NEWARK, N.J. (PIX11) – Stories of fiction we see on stage or screen may bring us to tears, but no story can rip your heart out like the real thing.
Stage Rage is a program where St. Benedict’s Prep students act out their traumatic experiences on stage.
“It really brings you back to what happened,” said Liam Concha, who was in the darkest place imaginable: he tried to take his own life amid turmoil in his home.
This is his second year of Stage Rage, and he’s seen his life improve since being part of the project.
“I feel a lot more relieved, and I feel like I don’t have to carry this burden or deal with what I’m going through alone,” said Concha.
“Courageous, vulnerable, willing, loving,” said Dr. Ivan LaMourt, director of counseling services at St. Benedict’s. “These kids are absolutely incredible in their ability to allow someone to see their pain and to use their pain to help them.”
Stage Rage has been part of the St. Benedict’s community for about eight years, but this is the first time cameras have been allowed inside.
“I think it’s the most important thing I get to do here,” said Patricia Flynn, the school’s theatre director.
“I don’t know what we would do if we didn’t have it,” said school Headmaster Rev. Edwin Leahy. “We didn’t have it at one point. I remember what that was like; I don’t want to go back to that.”

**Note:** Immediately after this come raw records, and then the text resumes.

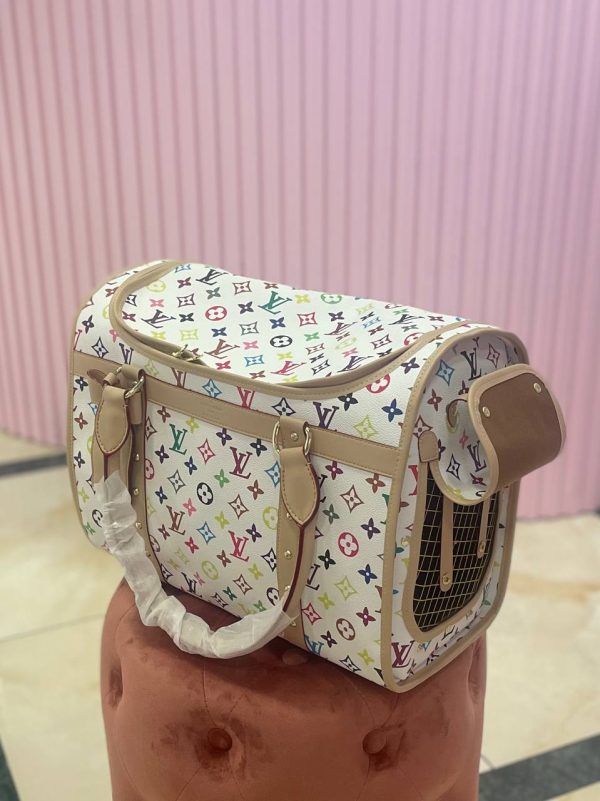 Сумка-переноска Стиль класу Louis Vuitton біла - Сумки і коляски - uPet Shop Інтернет-магазин зоотоварів — преміум одяг та аксесуари для ваших улюбленців, собак та котів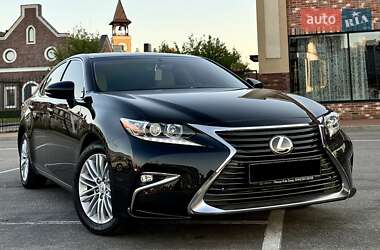 Седан Lexus ES 2016 в 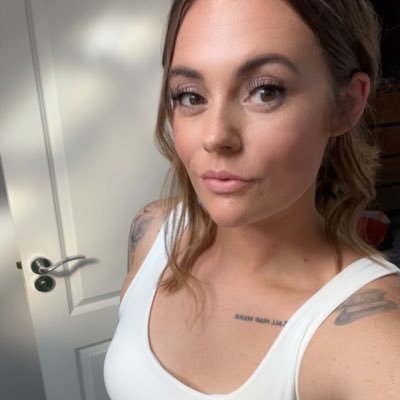 Mum to two wild girls. Running a house. Trying to save lives. 🧸📬🩺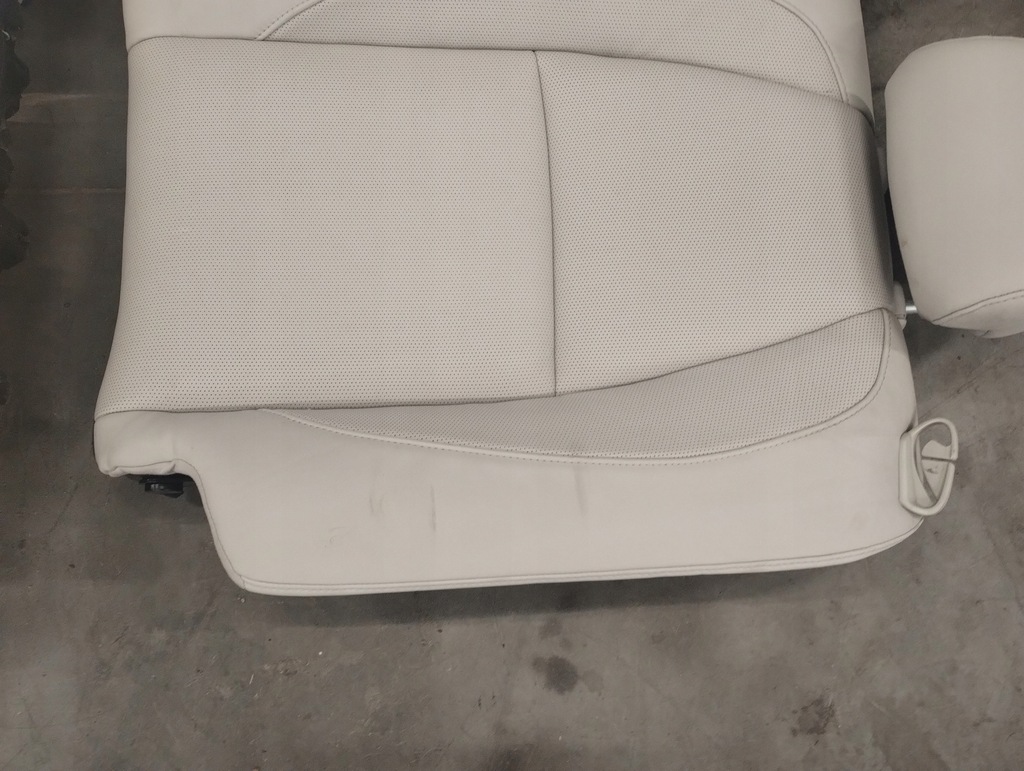 фото №8, Mazda 3 bp iv usa sedan заднее сиденье задняя спинка сиденье кожа подголовники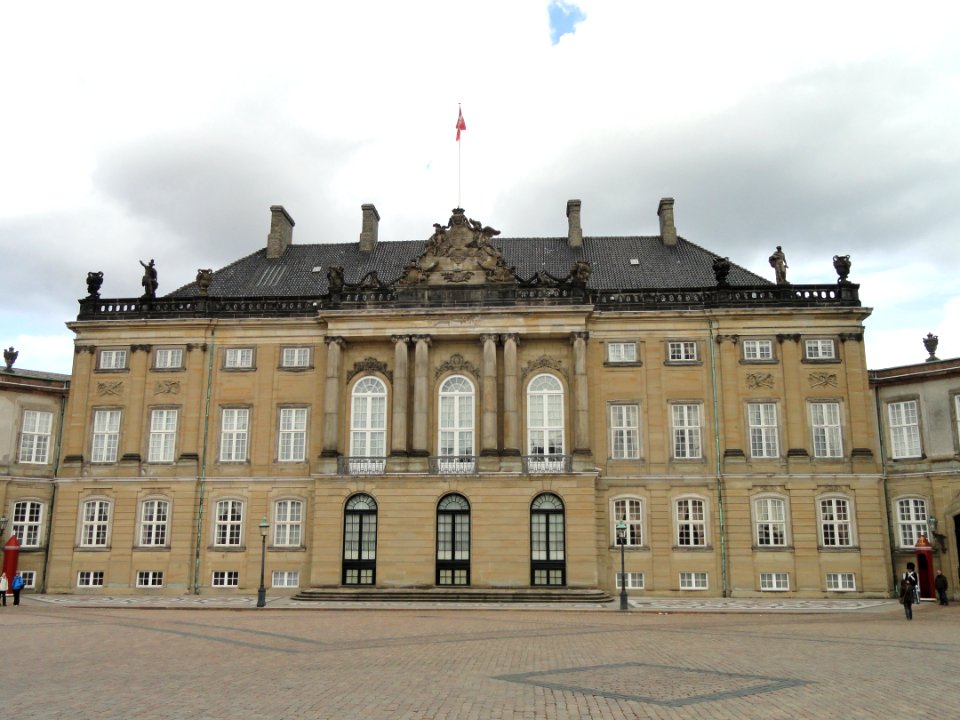 Amalienborg Palace - DSC07132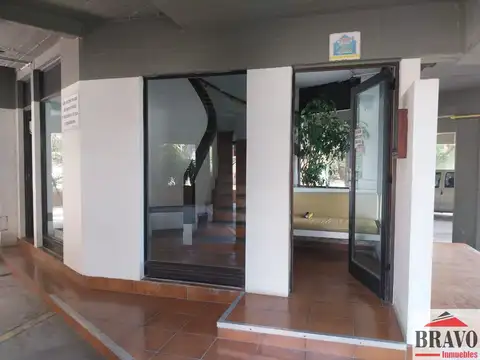 Avenida 1 e/ Paseo 146 y 147 100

“At first, I didn’t want to do it, I was scared to,” said Pedro Cena, a senior bound for Boston College in the fall.
“I feel like [the audience] are going to laugh or talk, or they won’t care,” said Cena, “but I was proven wrong. I saw a few sad faces; I saw a few crying. I didn’t think people would care.”
But people do care, and if you’re struggling with trauma, you don’t need to put on an act. Instead, Cena said you can talk to someone.
“There’s always going to be people backing you up,” said Cena. “The way you are – the place you are in now, you can change that. You decide your own future.”